Former Imo state governor and senator representing Imo West, Senator Rochas Okorocha, aligned with the observations of his colleagues over pervasive poverty as the major contributing factor. He advised the Senate to call on the federal government to replicate a Ministry of Happiness which he created in Imo state as a federal ministry.
“Majority of Nigerians aren’t happy, our nation is characterized by unhappiness. Many are committing suicide, because they lack the ability to express themselves or share their feelings.
“When a government has failed to guarantee the happiness of people, that government has failed to meet their expectations.
The Senate should not be a discussing Senate but it must go further to take action.
I think the department must be created. When I created the Ministry of Happiness, it was the most misunderstood, but it is the most effective.
“There is an urgent need to create a Department of Happiness. I advise Theodore Orji to expand this motion to accommodate it. May I suggest on a serious note, whether it is rape or suicide, we must get a department where people can express themselves. That Ministry must be Department of Happiness. I so submit.”
The Senate in its five-point resolution, “urged the Federal Government through the Ministry of Information National Orientation Agency and the Ministry of Health to urgently create awareness on how to control stress and depression and establish trauma centres across the Federation.”
It also urged the government to ban the production, importation or circulation of snipers Insecticide, a product currently used to commit suicide. Other resolutions were the need to review the school curriculum and come up with compulsory courses that will enable student place value on their lives and detest suicide; urged religious bodies across the Federation to always preach love, peace and how to relieve stress and depression amongst members. The Senate also resolved to engage the Executive arm on the need to expand the scope and content of the Special Intervention Programme of government, and to leverage on extant schemes like the N-Power in creating economic opportunities for the vulnerable sections of the population.

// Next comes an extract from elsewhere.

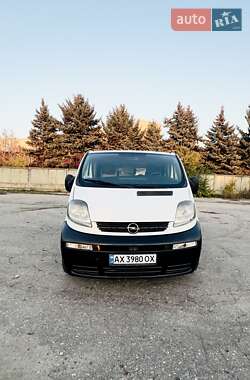 Минивэн Opel Vivaro 2004 в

Earlier the Senate unanimously condemned reported cases of rape and violence against affected victims when it considered the motion of urgent national importance by Cross Rivers lawmaker, Senator Rose Okoh. In its six points resolution, the Senate directed its relevant committtee to review the relevant legislation with a view to providing stiffer penalty on sexual abuse on infants and minors especially.
It also urged the police to carry out mandatory training of its officers in dealing with cases of known victims.
The Senate also urged the judiciary to establish a national sentencing framework on child sexual abuse cases and for judicial officers to impose the heaviest penalty permitted by laws on perpetrators of all cases of abuse against minors as deterrence.
The lawmakers equally asked the state government to domesticate and robustly implement the Child Rights Act and violence against persons and prohibition Act 2007 in other to curb the monstrosity of sexual abuse on babies and minors.